Conservation groups say it is too early to commit to extending the RFAs. “The first thing you should do is assess whether the RFAs have met their objective,” says Alix Goodwin, chief executive of non-governmental conservation group National Parks Association of NSW. “It should be a scientific and economic review done by someone who is respected and independent from the process.”
Such a review would look at the options for future forest management.
A base case might be to leave the forests as they are. A second option might be to continue logging. And a third option would be for state forests to be transferred to the protected areas system.
“Having done that, you would have a preferred pathway forward — and only if that said the best future use was logging would you then move to renegotiate the Regional Forest Agreements,” Goodwin says.
The National Parks Association has done its own research, which has led it to some stark conclusions about the economics of the state forest operations. It says the value of Australia’s native timber stocks has declined by 30 per cent to $2bn between 2005 and 2015, and hardwood sawn wood production has dropped by 44 per cent over a similar period. In contrast, plantation stocks increased in value to $10bn and softwood sawn wood production is up by 10 per cent.
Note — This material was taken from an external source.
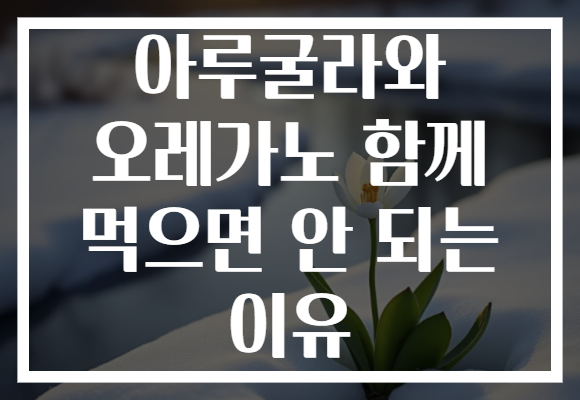 아루굴라와 오레가노 함께 먹으면 안 되는 이유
The National Parks Association says Forestry Tasmania had lost $64m and Forestry Corporation (NSW) $84m between 2009 and 2012 in native forest logging operations.
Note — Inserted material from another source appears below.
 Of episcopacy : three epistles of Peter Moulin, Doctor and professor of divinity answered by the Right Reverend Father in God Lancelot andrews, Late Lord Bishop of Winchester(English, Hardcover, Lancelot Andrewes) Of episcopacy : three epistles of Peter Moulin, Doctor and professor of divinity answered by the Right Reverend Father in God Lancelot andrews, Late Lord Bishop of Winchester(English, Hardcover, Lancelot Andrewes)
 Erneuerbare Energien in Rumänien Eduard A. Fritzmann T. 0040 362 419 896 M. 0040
Forestry Corporation also received annual funding from NSW Treasury in the form of a Community Service Obligation worth $15.6m in 2014-15.
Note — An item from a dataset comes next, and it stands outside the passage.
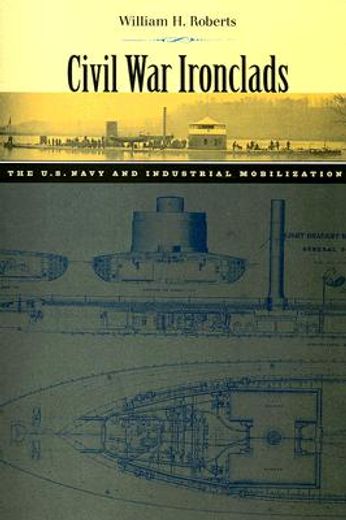 civil war ironclads,the u.s. navy and industrial mobilization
In contrast to industry estimates, the association says direct employment in forestry and logging (including the native as well as plantation sectors) in NSW was 2131 according to the 2011 census, with extended employment of 5166, or 0.02 per cent of primary industries employment. Across Australia, 7561 people were directly employed in forestry and logging, with indirect employment estimated at 18,328, NPA says. Employment in the native forest logging sector in NSW is estimated to be about 600, and in Tasmania less than 1000.
NPA says the primary drivers behind the decline in hardwood production in state forests are increasing competition from hardwood and softwood plantations, both domestically and internationally, and higher costs relative to international competitors.
There is weak demand for structural timber; decreasing demand from Japan for pulp because of falling paper consumption and efficiencies in the production process; and a reduction in the area of forest available for harvest.
“Many of these trends are predicted to continue, which means that demand will continue to fall and profitability from native forest logging will be increasingly difficult to achieve,” according to the NPA report.
“A strong case can be made that continued native forest logging operations are not a result of certainty and sound management via the RFAs but, rather, of successive and regular government intervention using public funds.”
Like the industry, environmental groups see the future in plantation timbers.
But Schneiders says the industry’s woes are largely of its own making. “The industry is facing a shortfall of softwood timber because it put the wrong trees in the ground. They had the opportunity but billions of dollars was wasted on fraudulent tax schemes which put the wrong types of trees in the wrong places. Now they are going back again for another attempt.”
Nonetheless, environmental groups are willing to listen to proposals that include genuine carbon abatement. But they are wary of plans to encourage the use of forest residues for renewable power production. Most of all they believe there is still a rich vein of community opposition to logging old trees such as those at risk in the Kuark forest in Victoria, or a return to now protected stands in the north and south of NSW.
After 20 years, it is clear that RFAs have not ended the forest wars — but they may have helped to point the way to a more profitable future in plantations.